What is expected —
From the line containing "Backdrop for Hasçelikler and the City" to the final line of the material below, return every line exactly. Do not include pictures.

Source material —

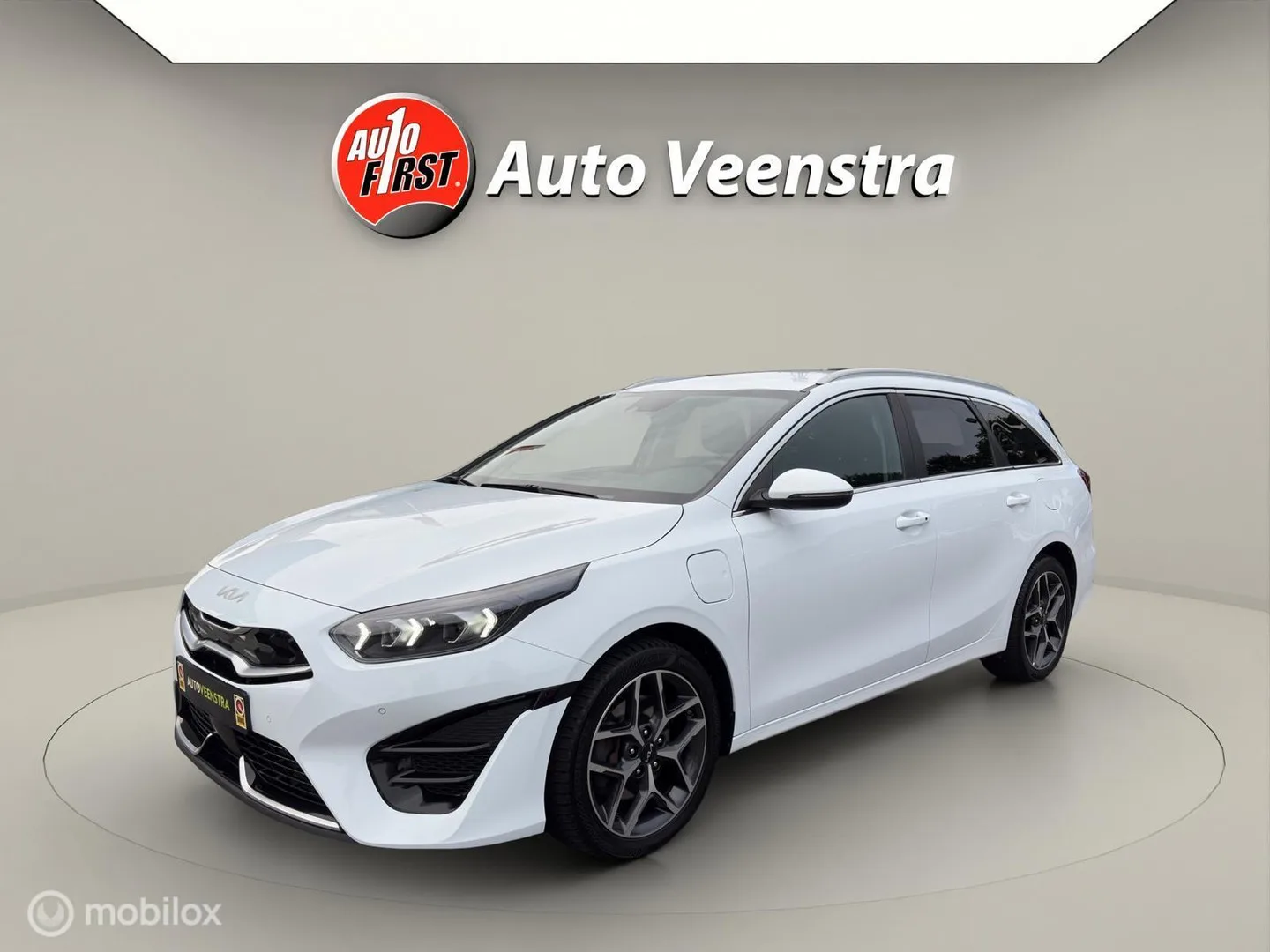 Kia Ceed (2022) — foto 1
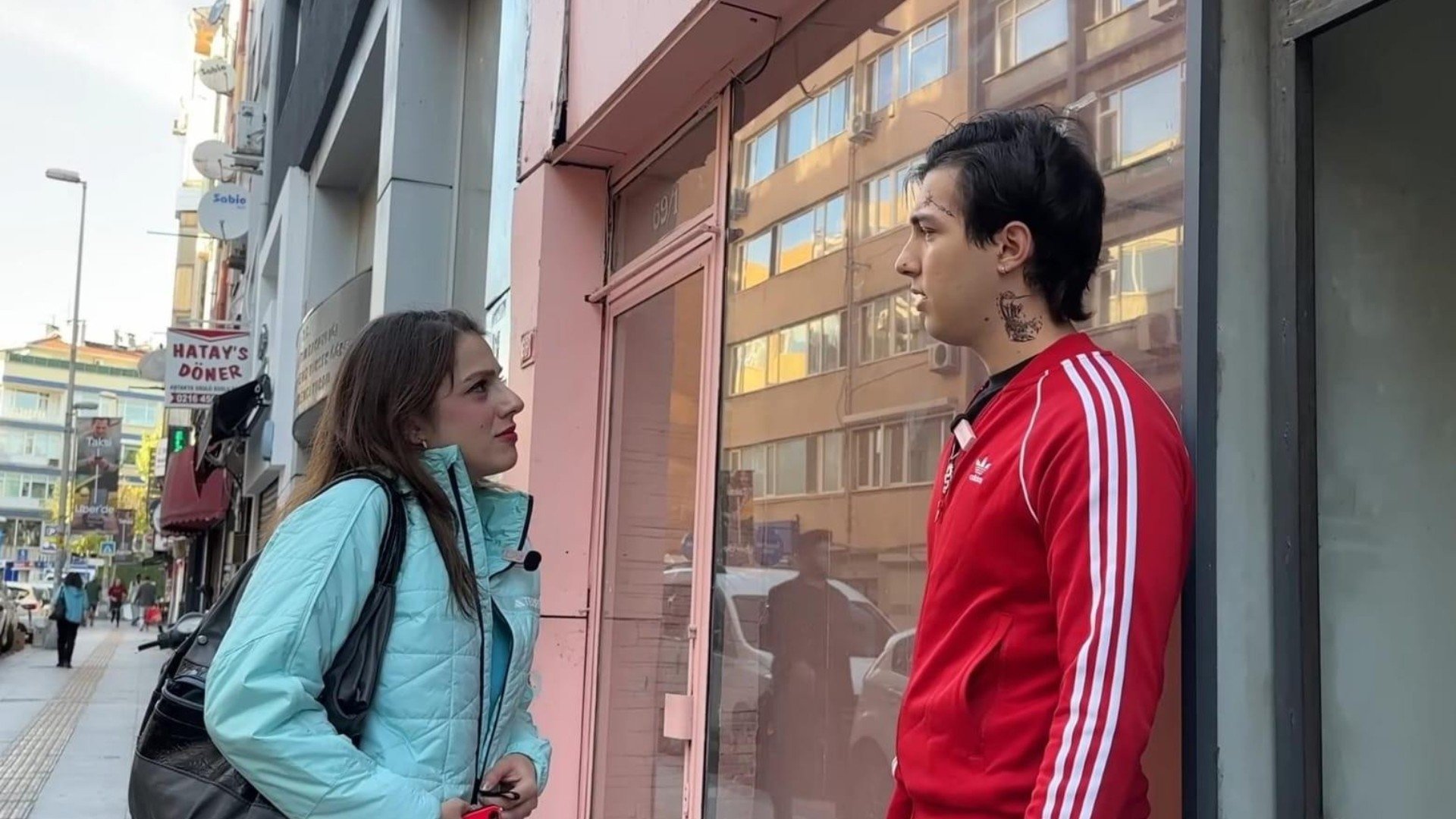 Backdrop for Hasçelikler and the City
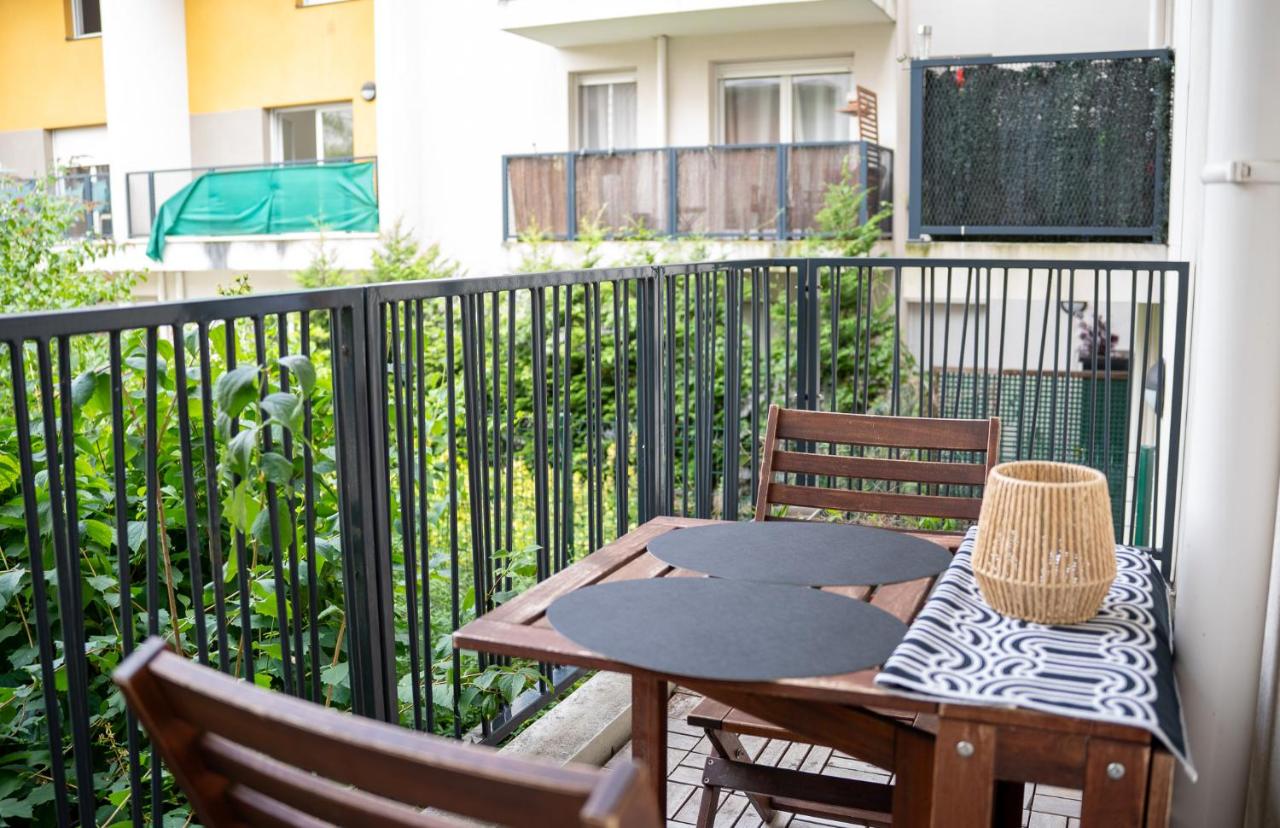 Appartement 4 chambres proche Stade de France, parking et balcon sur jardin - Chambres d'hôtes Aubervilliers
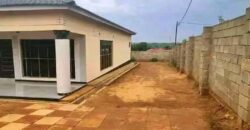 4bedroom House for sale in lilongwe area new 43 WITH TITLE DEED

Output —
 Backdrop for Hasçelikler and the City
 Appartement 4 chambres proche Stade de France, parking et balcon sur jardin - Chambres d'hôtes Aubervilliers
 4bedroom House for sale in lilongwe area new 43 WITH TITLE DEED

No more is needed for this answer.